Tavis: Eric Haney was a 20-year Army veteran and a founding member of the once-secret Special Forces unit Delta Force. He wrote about his experiences in the book, "Inside Delta Force, The Story of America's Elite Counterterrorism Unit." He now serves as producer, writer, and technical adviser on the new hit drama "The Unit.'

The show stars, of course, Dennis Haysbert of '24' fame. Here now, a scene from "The Unit.'

Tavis: Mr. Haney, nice to have you here, sir.

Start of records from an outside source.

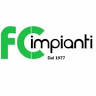 FC Impianti - Pronto Intervento Elettrico-Climatizzazione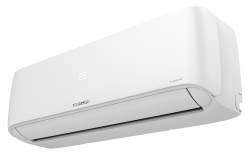 Сплит-система High Life ACHL-18CC-I-CHDV02SI/ACHL-18CC-I-CHDV02SO Comfort Class DC Inverter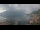 Webcam in Limone sul Garda, 11.8 km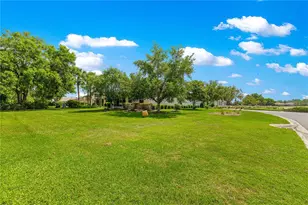 8566 SW 83rd Loop, Ocala, FL 34481 - Photo 43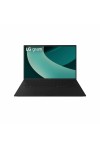 Laptop LG 16Z90T-G.AD88B 40
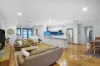 84 Waterford Drive, Hillarys, WA 6025-Image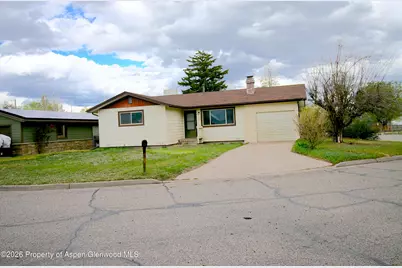 326 Will Avenue, Rifle, CO 81650 - Photo 3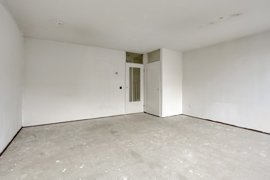 spakenburgstraat941107wtamsterdam-09.jpg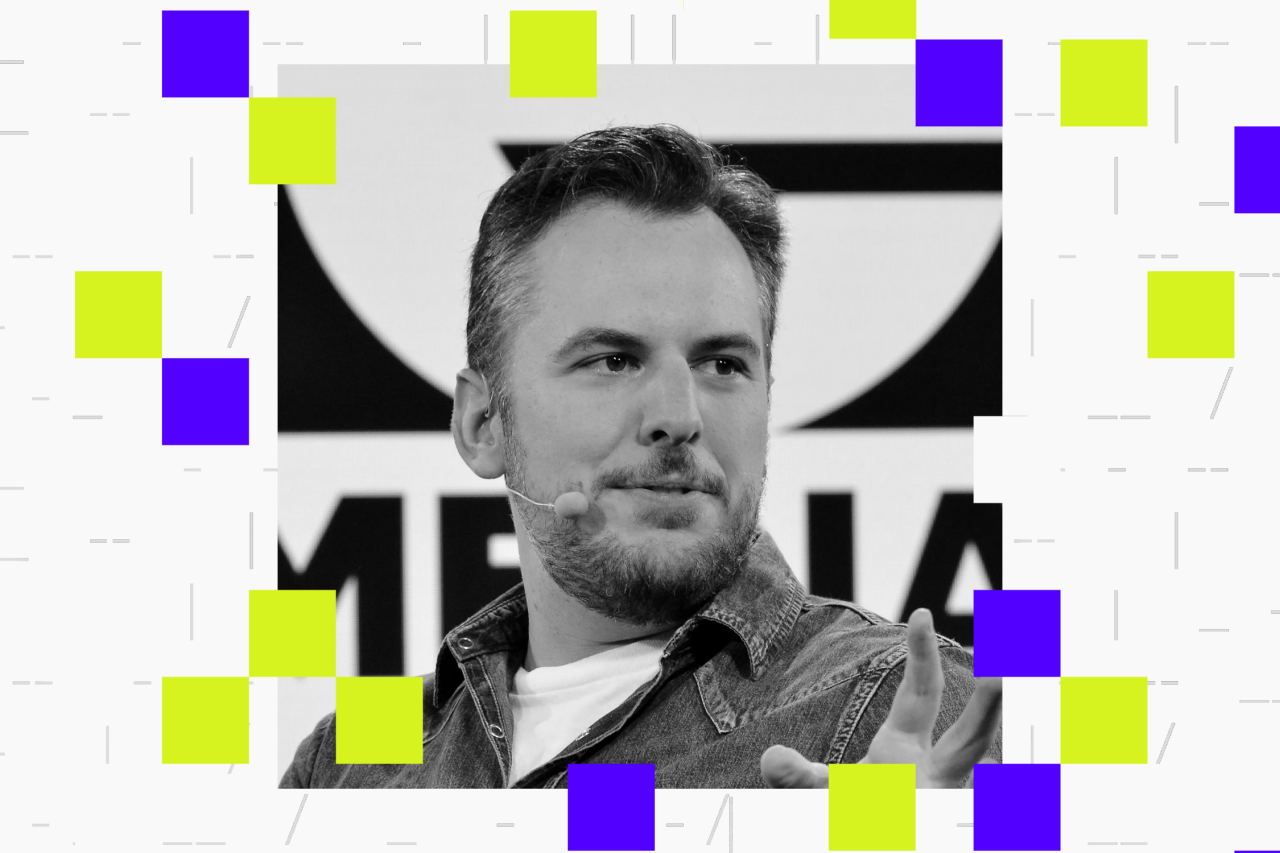 Anthropic 的 AI 战略：专注垂直领域，打造独特竞争力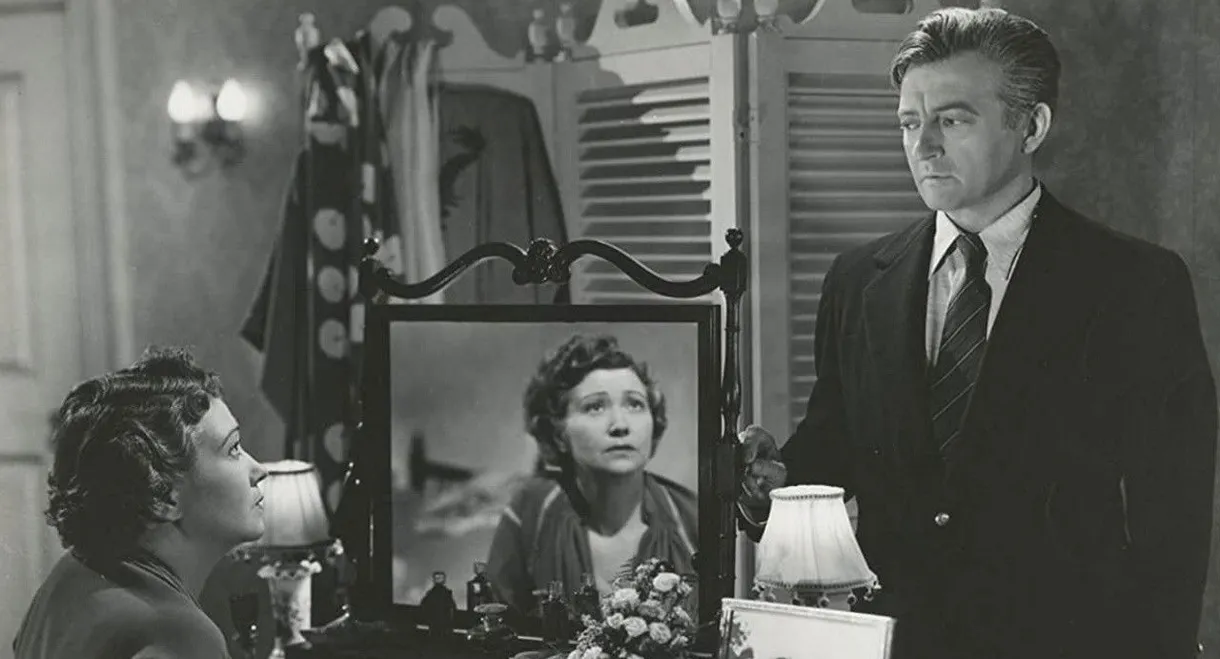 Daughters Courageous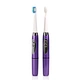 Electric Toothbrush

Eric Haney: Oh, thanks so much.

Tavis: Let me start with the obvious. What is the upside and the downside, primarily, of doing a show like this at a time of war?

Haney: Well, I don't think that there's a downside whatsoever.

Tavis: Not at all? No challenges?

Haney: I can't find it. I really can't. The only thing that we took a conscious decision to do in considering a downside, was that we would limit greatly anything taking place in Iraq. And I was looking at that a year ago, and about the time that we were writing and filming. And I said to myself a year from now, summer of 2006, the last thing the American public wants to hear is anything that's going on in Iraq. Their news is going to be so full of it, that it would almost be self-defeating for us, in an entertainment mode, to set something there.

Tavis: Is it challenging, though, to do a show every week about something, to that very point, even though they don't wanna say anything specifically about Iraq. We are at a time of war. We are seeing these stories 24-seven in every medium radio, television, print, Internet. And yet, you got a TV show that has somehow found a way to be a hit when after 9/11 people were scrambling, trying to figure out what to do with projects that were remotely close to the notion of terrorism.

You found a way in there to do a show that's become a hit. How did that happen, when I, quite frankly, don't wanna hear any more about Iraq when I get home at night? Certainly not in an entertainment medium. But somebody obviously does.

Haney: Well, there's so much more that goes on in the world, and particularly in the world of counterterrorism. There are situations that take place in the Balkans, or have taken place in the Balkans. We have an episode that's a hunt for a former Balkan war criminal. It almost mirrored what was happening the week we were shooting it in the news at the time.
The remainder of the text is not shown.